Problem requirements> Omit every image, and transcribe the remaining entries exactly as given.

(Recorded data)

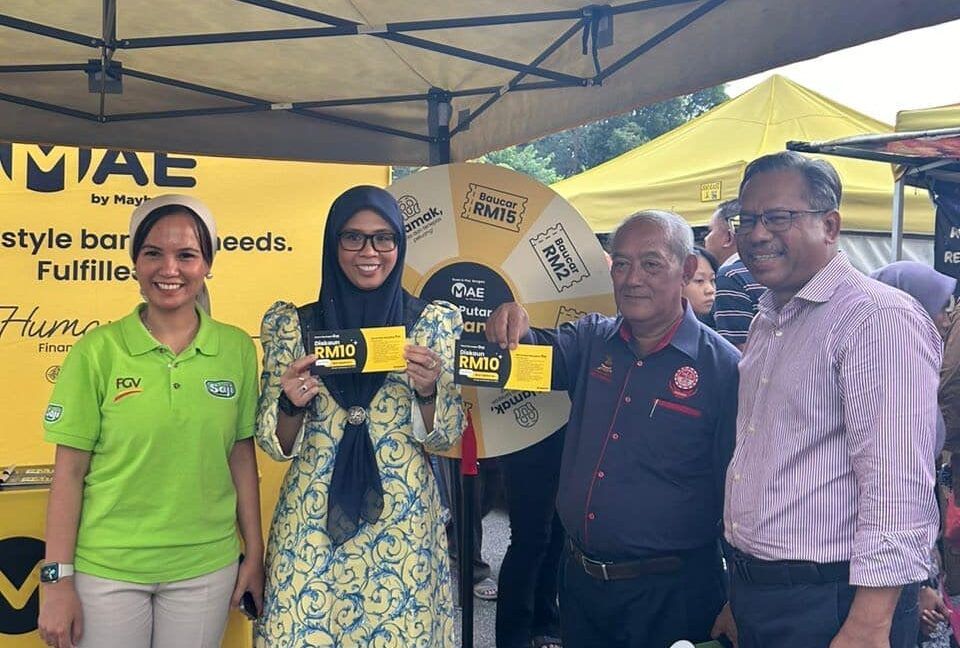 அதிக பரிவர்த்தனையுடன் ரொக்கமற்ற வணிகபதிவை  செய்த தொழில்முனைவோருக்கு ஊக்க த்தொகை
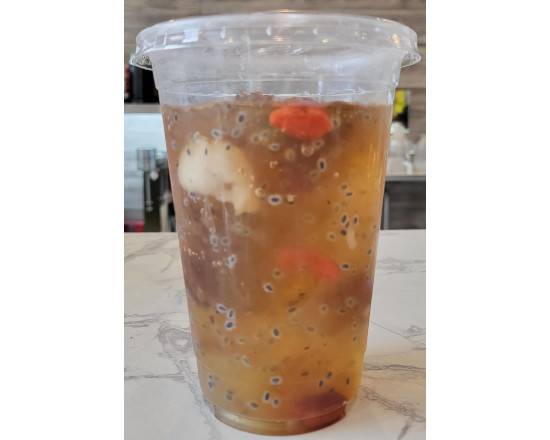 Herbal Tea (Che Duong Nhan)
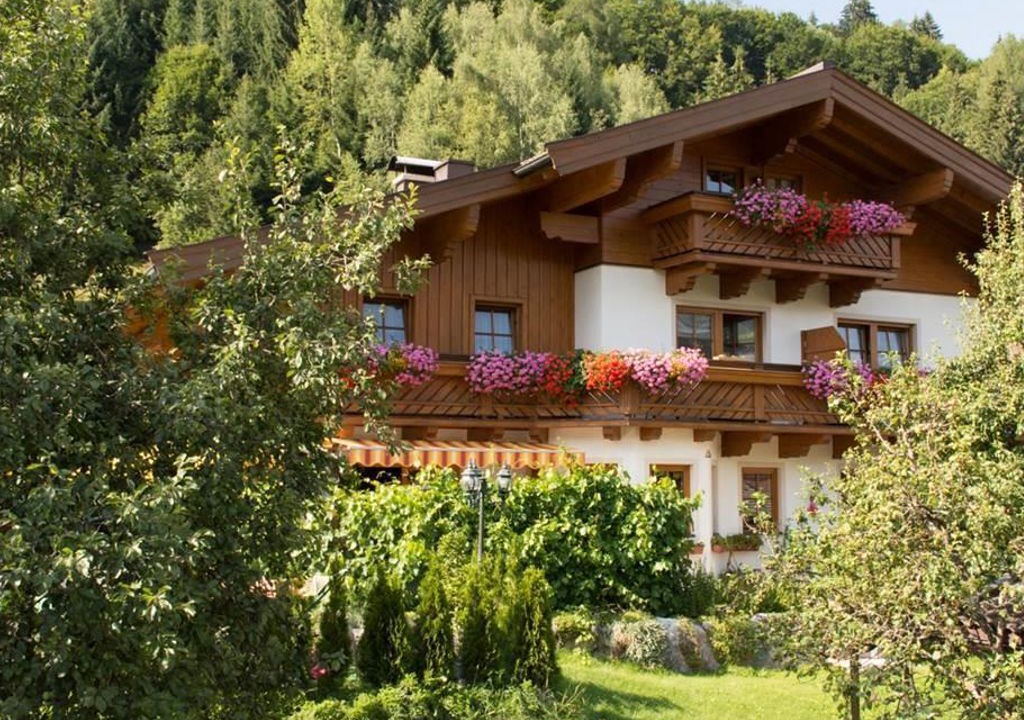 Photo of Outdoor in Leogang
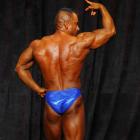 Juan  Felix - NPC Masters Nationals 2010 - #1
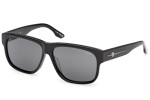 Okulary przeciwsłoneczne BMW Squared Black 80255B840A6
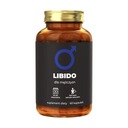 Noble Health Suplement Diety Libido Dla Mężczyzn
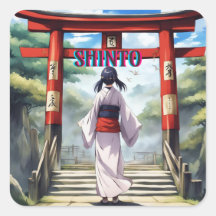 日本の神道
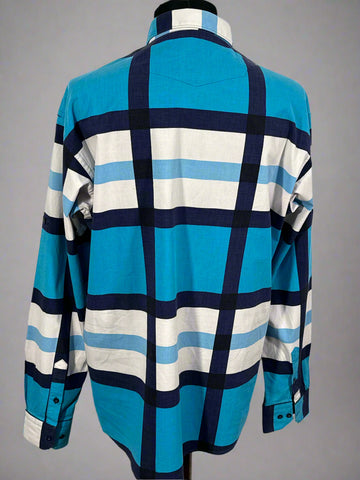 Camasa Tommy Hilfiger marimea 2XL fit L barbat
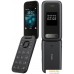 Кнопочный телефон Nokia 2660 (2022) TA-1469 Dual SIM (черный). Фото №3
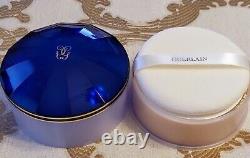 Shalimar Guerlain Perfumed Dusting Powder (4.4 oz)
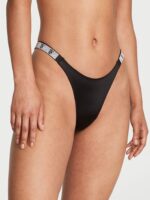 Трусики бразиліана Victoria's Secret Very Sexy Shine Strap Brazilian Panty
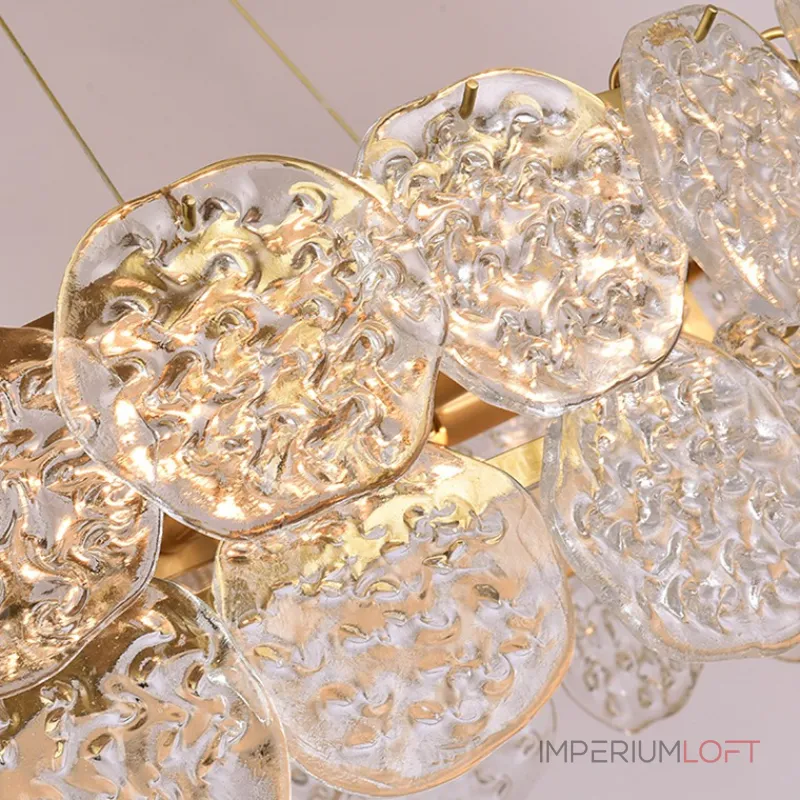 Подвесная люстра MORELLA D60 от ImperiumLoft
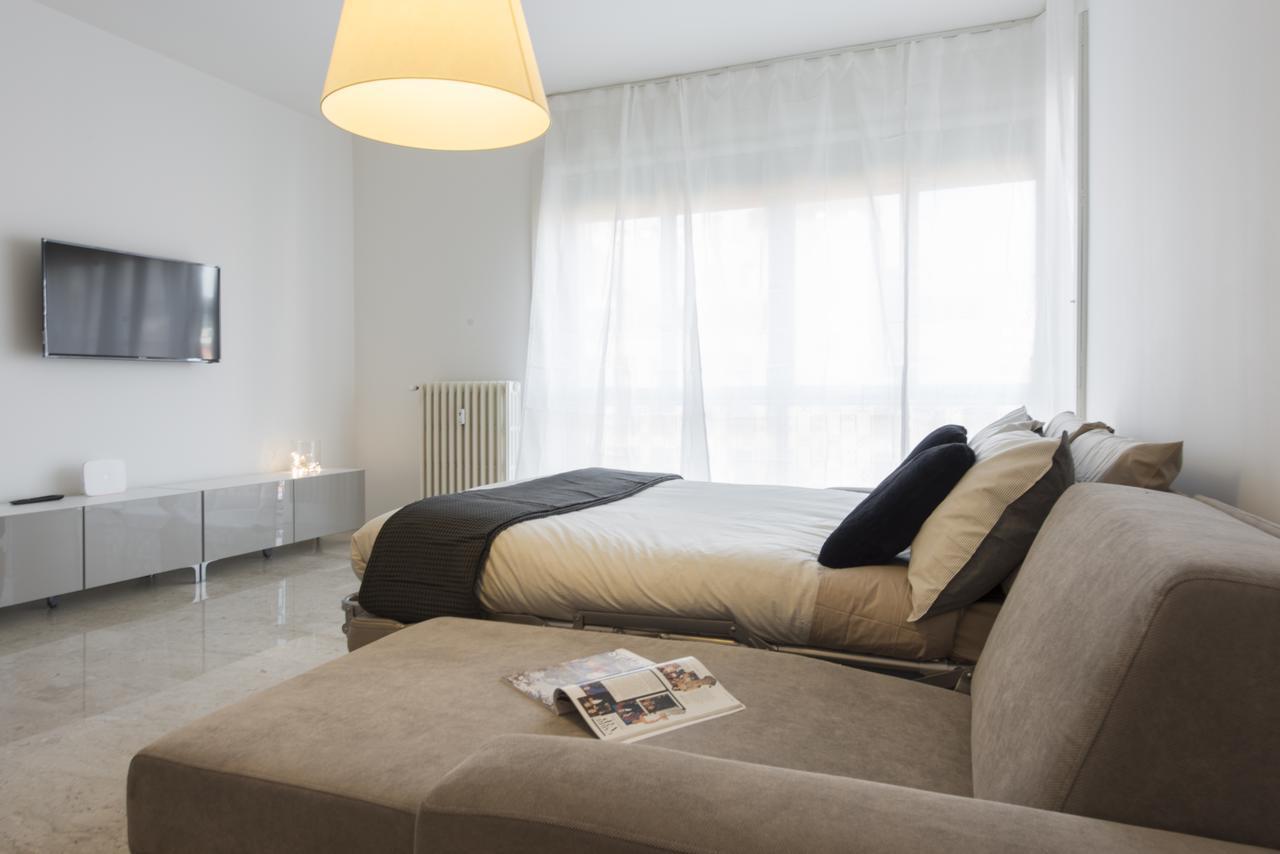 Mila Apartments Via Savona Μιλάνο Εξωτερικό φωτογραφία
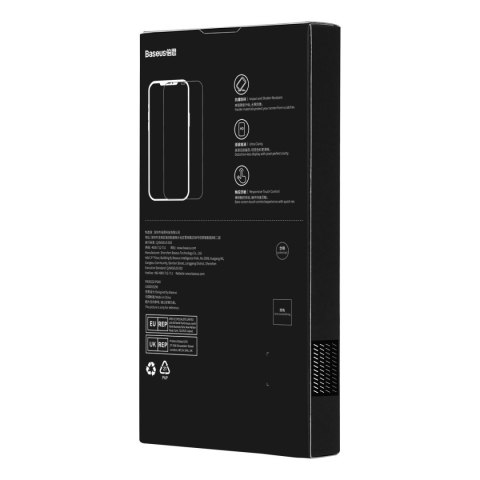 Szkło hartowane do iPhone 14 Pro na cały ekran 0.3mm filtr Anti Spy Szkło hartowane do iPhone 14 Pro na cały ekran 0.3mm filtr Anti Spy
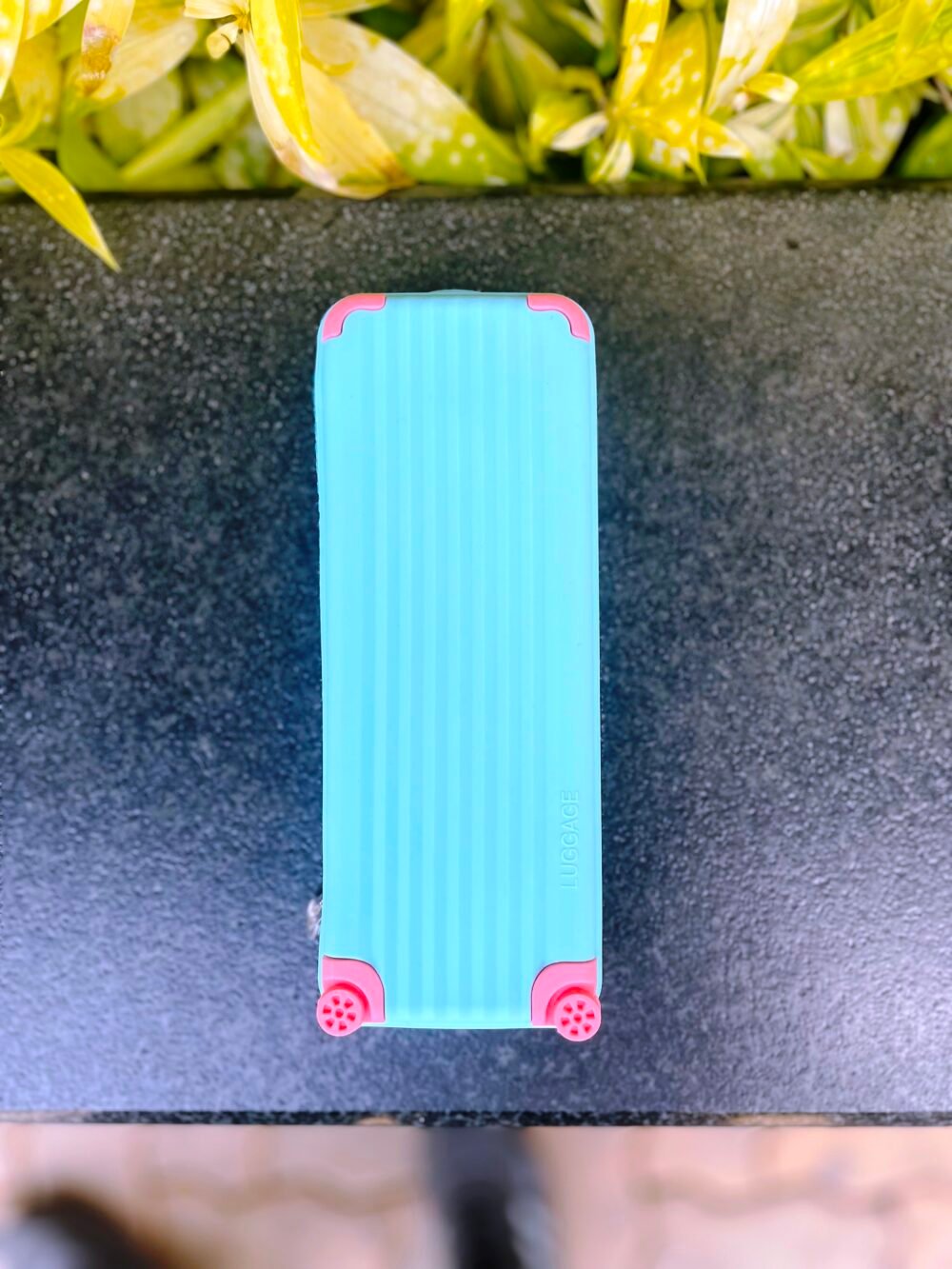 SILICONE BAG
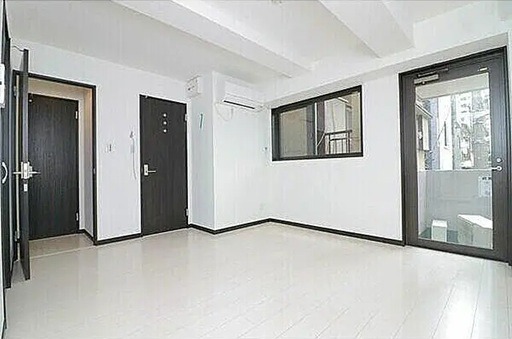 オークレスト南砂 参考写真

Exercise output>
 அதிக பரிவர்த்தனையுடன் ரொக்கமற்ற வணிகபதிவை  செய்த தொழில்முனைவோருக்கு ஊக்க த்தொகை
 Herbal Tea (Che Duong Nhan)
 Photo of Outdoor in Leogang
 Juan  Felix - NPC Masters Nationals 2010 - #1
 Okulary przeciwsłoneczne BMW Squared Black 80255B840A6
 Noble Health Suplement Diety Libido Dla Mężczyzn
 日本の神道
 Camasa Tommy Hilfiger marimea 2XL fit L barbat
 Кнопочный телефон Nokia 2660 (2022) TA-1469 Dual SIM (черный). Фото №3
 Shalimar Guerlain Perfumed Dusting Powder (4.4 oz)
 Трусики бразиліана Victoria's Secret Very Sexy Shine Strap Brazilian Panty
 Подвесная люстра MORELLA D60 от ImperiumLoft
 Mila Apartments Via Savona Μιλάνο Εξωτερικό φωτογραφία
 Szkło hartowane do iPhone 14 Pro na cały ekran 0.3mm filtr Anti Spy Szkło hartowane do iPhone 14 Pro na cały ekran 0.3mm filtr Anti Spy
 SILICONE BAG
 オークレスト南砂 参考写真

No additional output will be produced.